[Collected data]

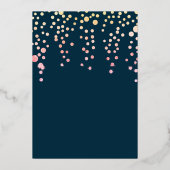 robe dorée nuptiale semelle invitation (Verso)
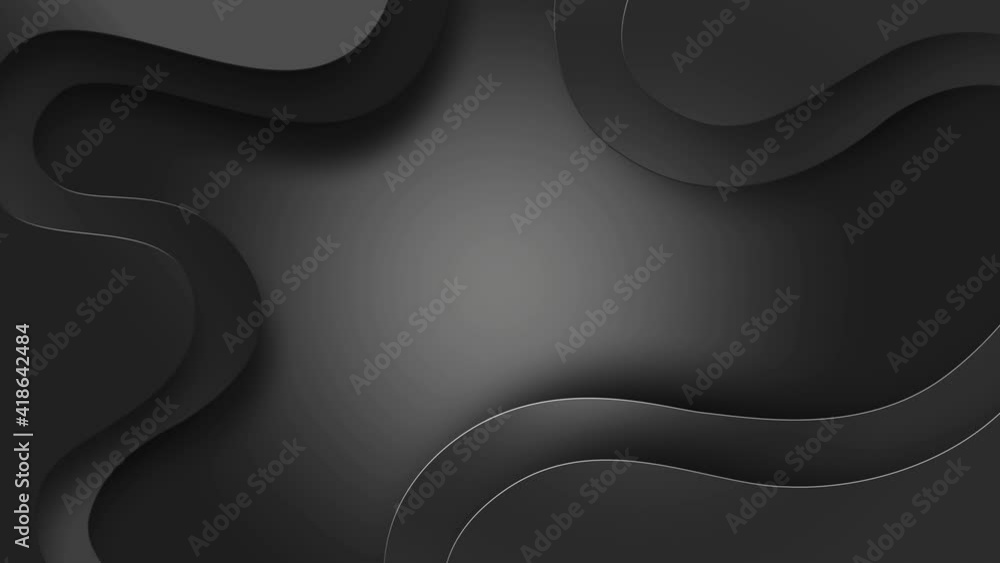 Poster liquid morphig wave shapes elegant clean background, copy space, seamless loop computer generated gr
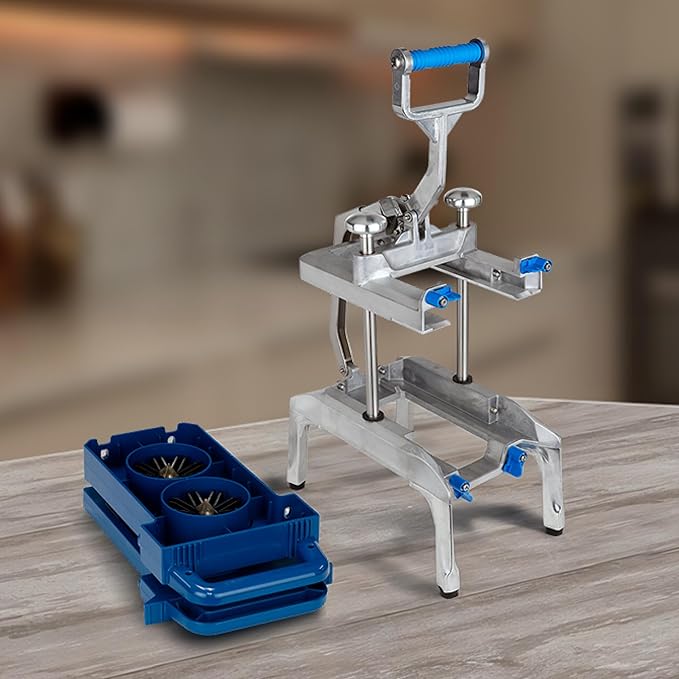 Prince Castle Saber King Mini Frame Assembly, Food Chopper and Vegetable Chopper, Manual Kitchen Cutter and Veggie Dicers for Commercial & Home Kitchens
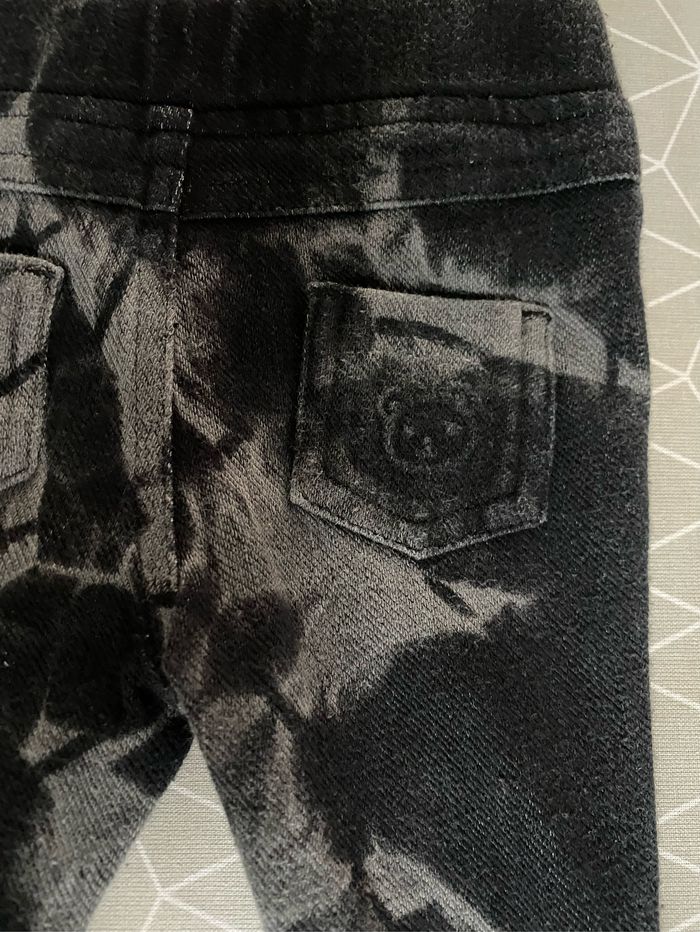 Pantalon jeans délavé 6 mois kitchoun - photo numéro 2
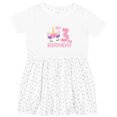 thumbnail image 3 of Inktastic 3rd Birthday Unicorn Girls Toddler Dress, 3 of 5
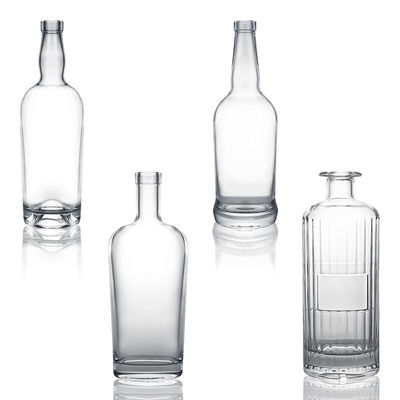Bottiglia di vetro di 700 ml chiara o personalizzata per liquori rum vodka whisky tequila e gin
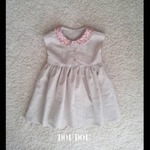 Linen フレンチスリーブワンピース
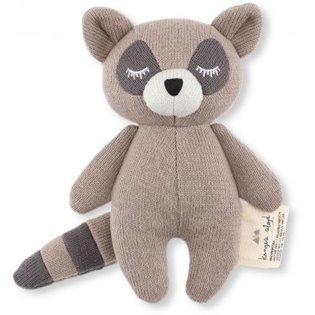 Mini Racoon Soft Toy - Brown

# Exercise
The entries should be printed again exactly as written, leaving all pictures out.

# Finished exercise
 robe dorée nuptiale semelle invitation (Verso)
 Poster liquid morphig wave shapes elegant clean background, copy space, seamless loop computer generated gr
 Prince Castle Saber King Mini Frame Assembly, Food Chopper and Vegetable Chopper, Manual Kitchen Cutter and Veggie Dicers for Commercial & Home Kitchens
 Pantalon jeans délavé 6 mois kitchoun - photo numéro 2
 thumbnail image 3 of Inktastic 3rd Birthday Unicorn Girls Toddler Dress, 3 of 5
Bottiglia di vetro di 700 ml chiara o personalizzata per liquori rum vodka whisky tequila e gin
 Linen フレンチスリーブワンピース
 Mini Racoon Soft Toy - Brown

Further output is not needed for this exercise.